Exercise material.
════════
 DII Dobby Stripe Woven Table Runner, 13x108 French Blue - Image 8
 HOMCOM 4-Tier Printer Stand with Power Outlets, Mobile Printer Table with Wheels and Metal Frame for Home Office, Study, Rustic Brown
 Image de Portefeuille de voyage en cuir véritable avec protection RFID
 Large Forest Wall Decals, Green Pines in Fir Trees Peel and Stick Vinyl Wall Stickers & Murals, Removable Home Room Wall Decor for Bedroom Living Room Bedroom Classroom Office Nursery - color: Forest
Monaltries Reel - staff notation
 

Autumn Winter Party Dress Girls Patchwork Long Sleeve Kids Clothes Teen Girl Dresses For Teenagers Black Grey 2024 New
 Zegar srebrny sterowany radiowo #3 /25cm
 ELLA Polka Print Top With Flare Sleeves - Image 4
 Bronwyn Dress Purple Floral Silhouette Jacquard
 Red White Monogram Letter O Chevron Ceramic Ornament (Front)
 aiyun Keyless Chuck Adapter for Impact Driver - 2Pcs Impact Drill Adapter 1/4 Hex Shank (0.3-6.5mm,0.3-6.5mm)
════════
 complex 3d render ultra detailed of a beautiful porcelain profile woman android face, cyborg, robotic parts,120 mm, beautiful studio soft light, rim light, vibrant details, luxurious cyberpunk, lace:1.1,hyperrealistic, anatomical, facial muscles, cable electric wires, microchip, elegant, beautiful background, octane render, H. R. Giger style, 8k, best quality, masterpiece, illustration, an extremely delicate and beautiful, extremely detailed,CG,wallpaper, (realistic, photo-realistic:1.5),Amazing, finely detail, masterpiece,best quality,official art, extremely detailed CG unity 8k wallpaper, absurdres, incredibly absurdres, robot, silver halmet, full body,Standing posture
════════
Look above for the line holding "DII Dobby Stripe". Print it and every line after it, exactly, through the line holding "Image de Portefeuille".

Solution to this task.
 DII Dobby Stripe Woven Table Runner, 13x108 French Blue - Image 8
 HOMCOM 4-Tier Printer Stand with Power Outlets, Mobile Printer Table with Wheels and Metal Frame for Home Office, Study, Rustic Brown
 Image de Portefeuille de voyage en cuir véritable avec protection RFID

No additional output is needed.